Starting at the line that holds "So you can see", reproduce each line exactly up to and including the last line of the records below. Pictures stay out.

=====

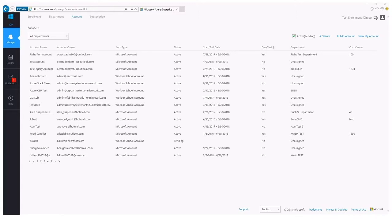The account owner can also edit the service administrator and assign someone from their team as the service administrator for any subscriptions they create. That being said, the account owner will lose access to the subscription if they do so. If the account owner would like to retain access to the subscription and also assign additional users, they should add those users through role-based access control — either as an owner, contributor, a reader, or one of the service-specific roles available there.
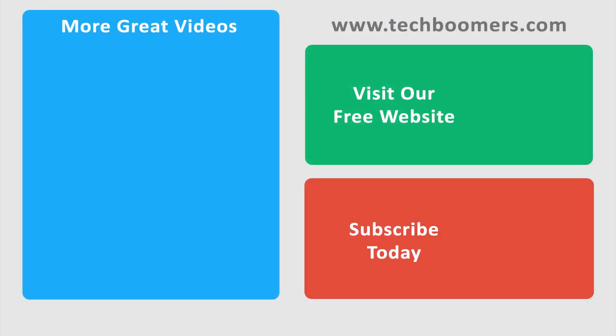Thanks for watching. If you found this video helpful, we'd love it if you'd hit the thumbs up button below. Check out techboomers.com for over 100 free courses on all of today's most popular websites and apps.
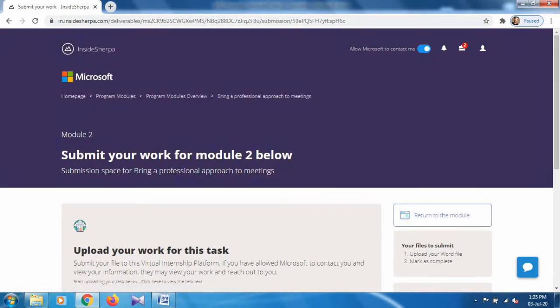That's how you complete Task 2 of Program 4. Thank you for watching this video. If you found it helpful, just share it with your friends and subscribe to my channel. Thank you for your support!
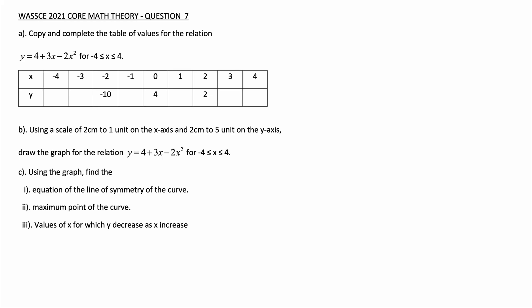Hi guys, welcome to Sabon D Academy. In today's video, we'll be solving question 7 of the 2021 WASI Core Mastery questions.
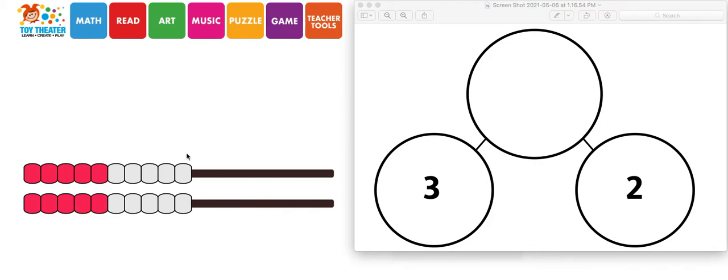So you can see here, this is the REC and REC. You have two poles and some beads on the left side. On the right side, you can see the number bonds.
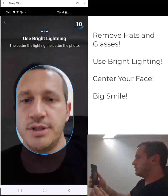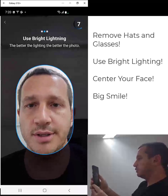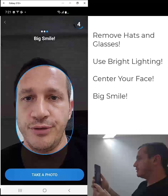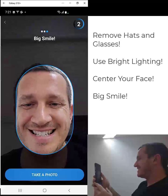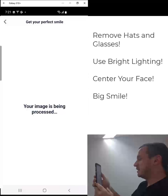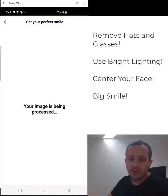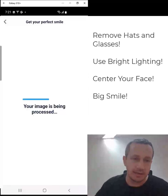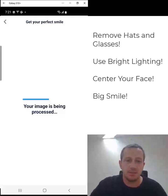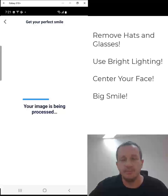Right underneath that, we have start iSmile simulation that you could go ahead and simply click on and use. I'll demonstrate it — simple to use. We have the countdown timer on the top right. Use bright lighting, center your face, big smile. When the timer is up, the photo is taken automatically. It takes around a minute to process the image, so keep the app open during that time.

=====

EXERCISE ANSWER:
So you can see here, this is the REC and REC. You have two poles and some beads on the left side. On the right side, you can see the number bonds.
Right underneath that, we have start iSmile simulation that you could go ahead and simply click on and use. I'll demonstrate it — simple to use. We have the countdown timer on the top right. Use bright lighting, center your face, big smile. When the timer is up, the photo is taken automatically. It takes around a minute to process the image, so keep the app open during that time.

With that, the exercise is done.